It's not it's not that big. So it's not that big a deal.

Yes.

57:31

>> Question is, is this time stamp is this I'm showing this as a it's a logical counter. Would you do that in a real system or would you use like hardware clocks like the the wall clock time?

You would do you typically would use a logical one because the wall clock time

57:47

can change when there's like um like if you like daylight savings and things like that, you know, time can go backwards. That's going to be a bigger problem when we talk about transactions later on.

How to deal with that. Yeah.

Oh, time is terrible. Yeah.

58:04

Other questions. Okay.

Okay, so let me show a sort of simplified version that my SQL uses called approximate L ruk. The basic idea is that they're still going to have one linked list.

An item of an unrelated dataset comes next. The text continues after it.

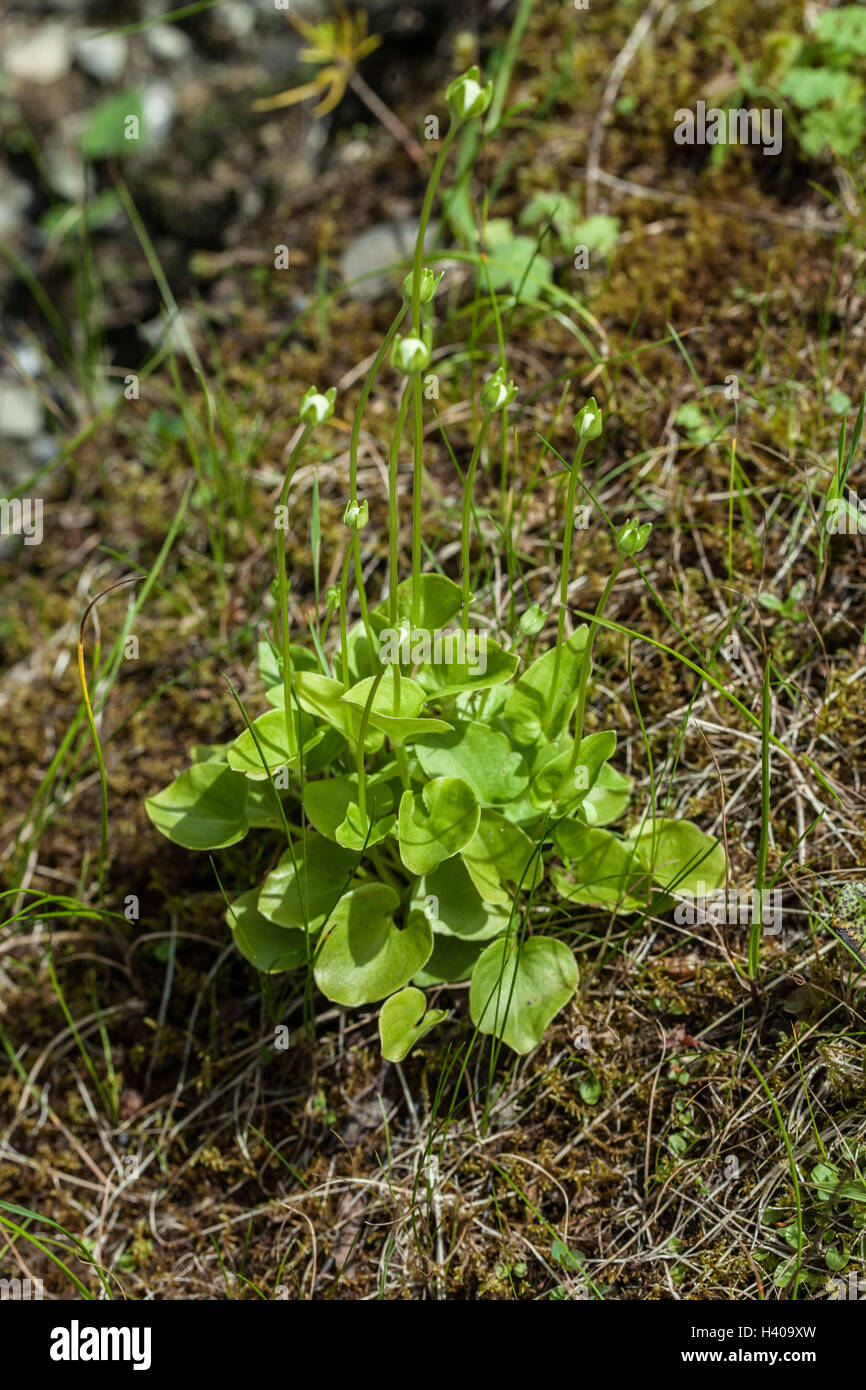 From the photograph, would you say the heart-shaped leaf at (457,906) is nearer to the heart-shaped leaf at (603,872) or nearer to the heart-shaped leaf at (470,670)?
the heart-shaped leaf at (603,872)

Uh and again could be a table, be link list, doesn't matter. But

58:20

they're going to partition it into young and old regions and you're going to have two entry points into these into the link list that allow you to find the beginning of the of the old region and the beginning of the of the the new region of the young region. So now when I access a page, say accessing page one

58:36

here, I got to evict something because it's not my buffer pool. So I'll pick whatever is uh I'll go into the old list, slide everything over by one.

So I'm going to get rid of page eight. These guys slide over and that's where I'm going to put page one in.

58:53

And the reason I'm going to put it in the old list rather beginning all the way at the beginning there is because if I never access this page one again, then that it'll just get sloughed off at the end, right? No big deal.

But if I do now access page one again, then what I want to do is now put it at the beginning of

59:09

the young list because I'm saying, oh, this clearly is important because it keeps getting access again. So, let me go improve its chance not to get evicted very soon by putting it to the front of the young list.

Right.

59:25

Again, it's approximate. It's not exactly the way LRUK did it, but it kind of gives you the the roughly the same benefit.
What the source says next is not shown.